MOD-041 — Categorisation & merchant enrichment model¶
Module: MOD-041 (categorisation-model) System: SD06 (risk-platform) Repo: bank-risk-platform Phase: 1 ADR: ADR-017 — In-house ML categorisation model
Purpose¶
Snowflake-native ML pipeline that takes every customer transaction
(CDC-replicated from SD01 accounts.postings and SD04
payments.payments) and produces an enriched record with normalised
merchant name, location-level merchant identity, MCC, spend category
L1/L2, and per-location static map image URL. Two-model architecture
per ADR-017:
- Merchant normaliser — rule engine first (regex on top-30 NZ/AU v1 location patterns; expanding to top 100–150 over time), then embedding fallback against canonical chain names for unknown descriptors.

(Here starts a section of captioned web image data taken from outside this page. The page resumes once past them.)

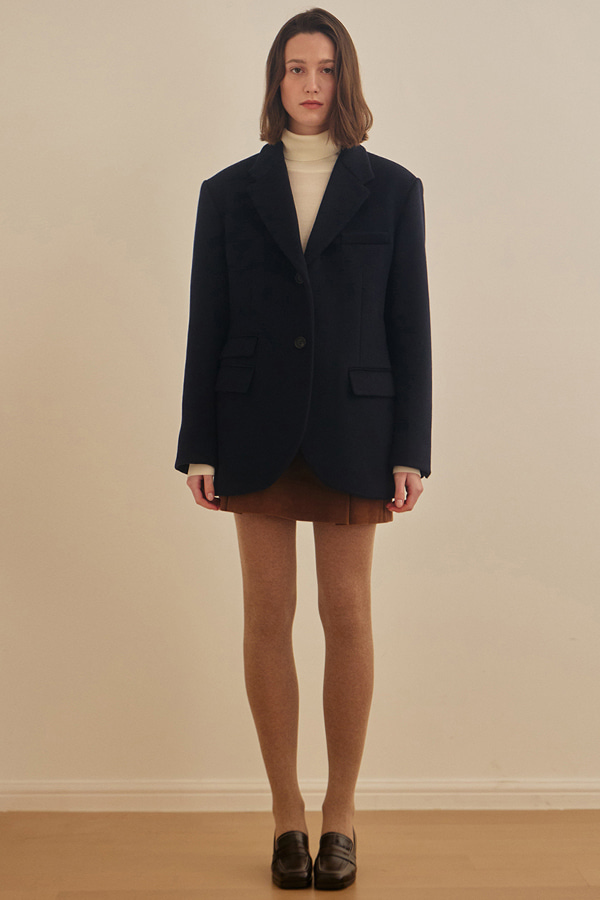 [리퍼브제품]Tailored Wool Cashmere Half coat - Navy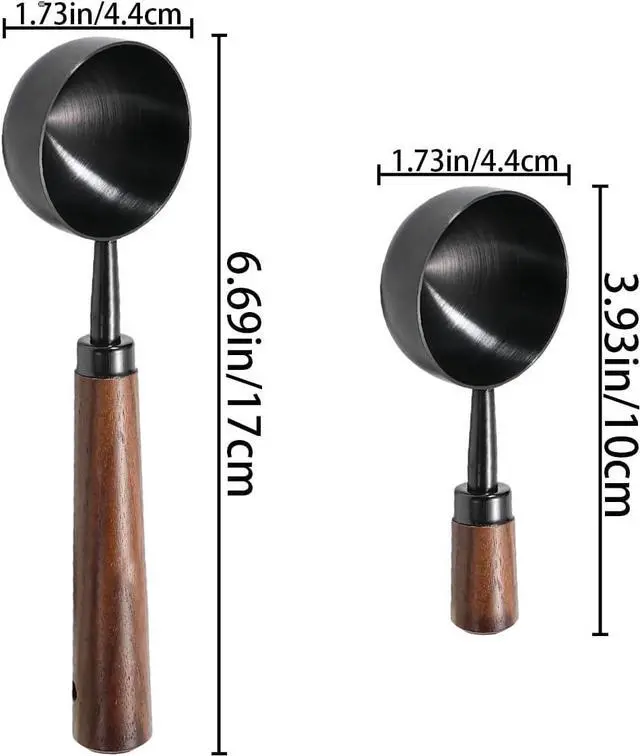 Alt view image 2 of 7 - 2 PCS Coffee Scoop Vintage Coffee Measuring Spoon Retro Stainless Steel Coffee Spoon Long Wooden Handle Coffee Scoop Kitchen Utensil for Scooping, Measuring & Serving Perfect for Coffee Tea, and More
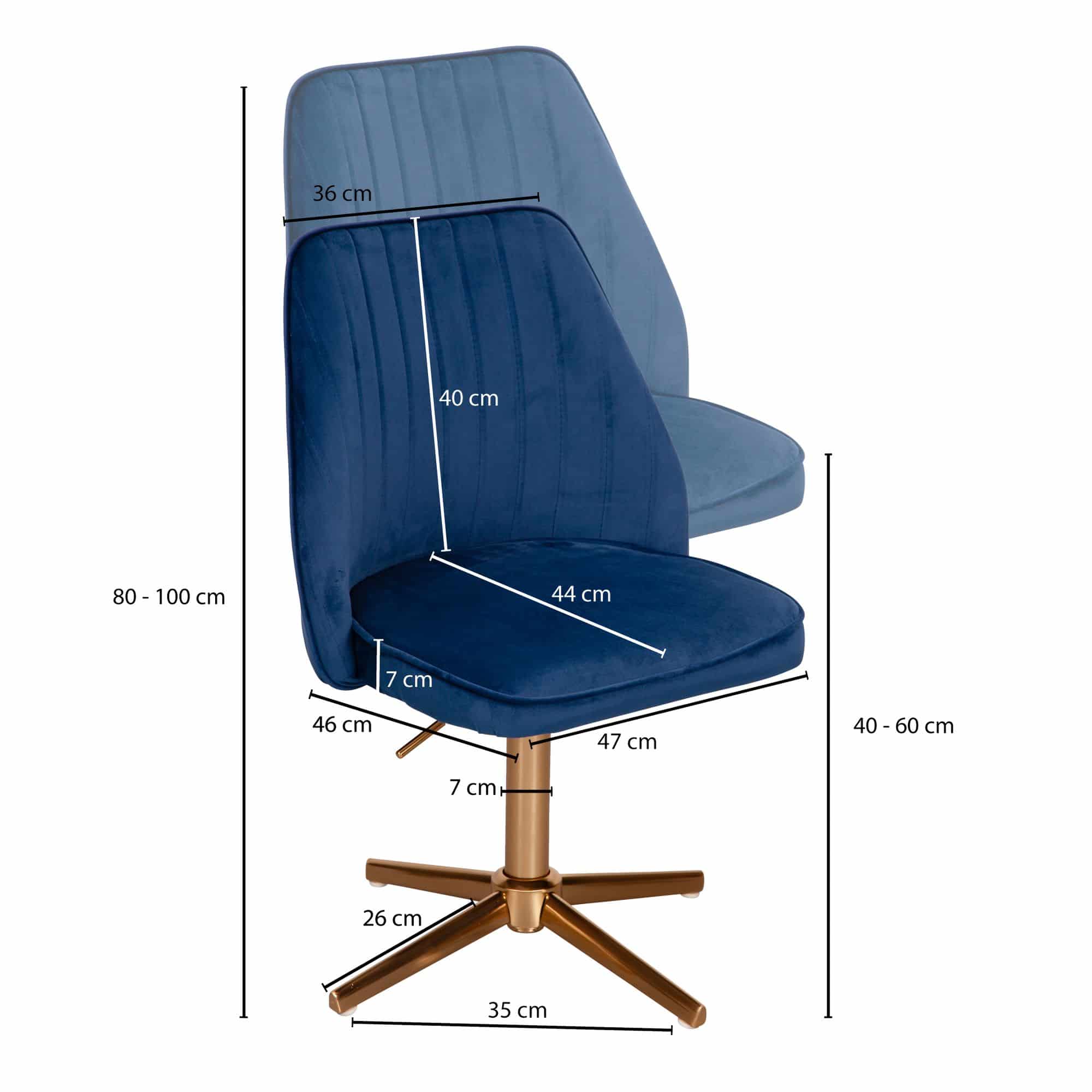 57493-Wohnling-Drehstuhl-Samt-Dunkelblau-WL6-304-WL6-304_9 Schreibtischstuhl Dunkelblau Samt Design Drehstuhl mit Lehne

- Category classifier — XGBoost on tabular features (MCC, amount, hour-of-day, day-of-week, channel, country, chain token).
Confidence-routed: ≥0.85 silent auto, 0.60–0.84 nudge, <0.60 "Other". Retrained weekly via Snowflake Cortex ML on customer corrections (CDC'd back from SD01). Champion/challenger governance per DT-005.
The merchant directory is location-level (per scope ruling k-4): "Caltex Parnell" and "Caltex Takapuna" are different rows, each with their own lat/lng and pre-generated static map image. The map image gives the customer a sense-of-place on the payment-detail screen of the mobile app.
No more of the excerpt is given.